Greggs warns further price hikes likely

Greggs warns further price hikes likely

Bakery chain Greggs has warned its prices could rise for a second time this year due to surging costs.

The high street favourite, which has more than 20 outlets in Northern Ireland, blamed increased costs for food, energy and staff, plus tax changes which mean the company’s own costs will rise by between 6% and 7%.

The chain, known for its sausage rolls and steak bakes, put prices up at the start of the year and expects “further changes” to be necessary.

Greggs said that overall wages at the company increased by 3% last year, and it had brought forward a planned 2022 pay rise by five months, adding £4.5m to its costs.

The company also noted that it would face an increase in the rate of National Insurance on wages and salaries in April.

Chief executive Roger Whiteside said that while there were no immediate price rises, “obviously that’s going to have to remain under review given the way the markets are moving around the world on commodity food prices in particular”.

“As ever, we will work to mitigate the impact of this on customers,” a statement added.

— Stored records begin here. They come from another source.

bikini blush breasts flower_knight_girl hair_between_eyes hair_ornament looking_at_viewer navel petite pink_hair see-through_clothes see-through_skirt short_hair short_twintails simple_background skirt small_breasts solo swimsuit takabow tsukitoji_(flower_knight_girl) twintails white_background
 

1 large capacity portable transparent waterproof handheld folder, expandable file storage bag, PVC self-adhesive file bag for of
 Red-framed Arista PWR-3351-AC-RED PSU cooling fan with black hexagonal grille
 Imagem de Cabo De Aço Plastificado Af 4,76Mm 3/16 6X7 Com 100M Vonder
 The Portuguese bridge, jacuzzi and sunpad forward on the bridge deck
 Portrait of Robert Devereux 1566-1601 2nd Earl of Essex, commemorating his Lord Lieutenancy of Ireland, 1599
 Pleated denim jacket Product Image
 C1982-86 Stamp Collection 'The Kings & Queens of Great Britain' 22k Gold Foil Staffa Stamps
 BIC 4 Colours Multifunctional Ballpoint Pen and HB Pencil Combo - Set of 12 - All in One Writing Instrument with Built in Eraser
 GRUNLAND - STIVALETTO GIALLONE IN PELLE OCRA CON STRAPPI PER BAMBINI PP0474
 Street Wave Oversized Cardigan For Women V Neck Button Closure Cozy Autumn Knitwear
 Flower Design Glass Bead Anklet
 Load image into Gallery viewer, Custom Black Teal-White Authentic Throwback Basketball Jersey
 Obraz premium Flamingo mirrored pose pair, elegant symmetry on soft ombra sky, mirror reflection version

The comments triggered a near 9% fall in Greggs’ share price to a one-year low of £20.96.

Greggs swung back to a profit last year after taking a hit in 2020 when many of its shops were closed for much of the year due to the pandemic.

Full year sales rose by 5.3% compared with 2019, the year before the pandemic, to £1.2bn. Like-for-like sales, which strip out revenue from new shops open during the year, fell by 3.3% from pre-Covid levels.

Profit before tax rose to £145.6m for the year to 1 January, compared to a £13.7m loss in the previous 12 months.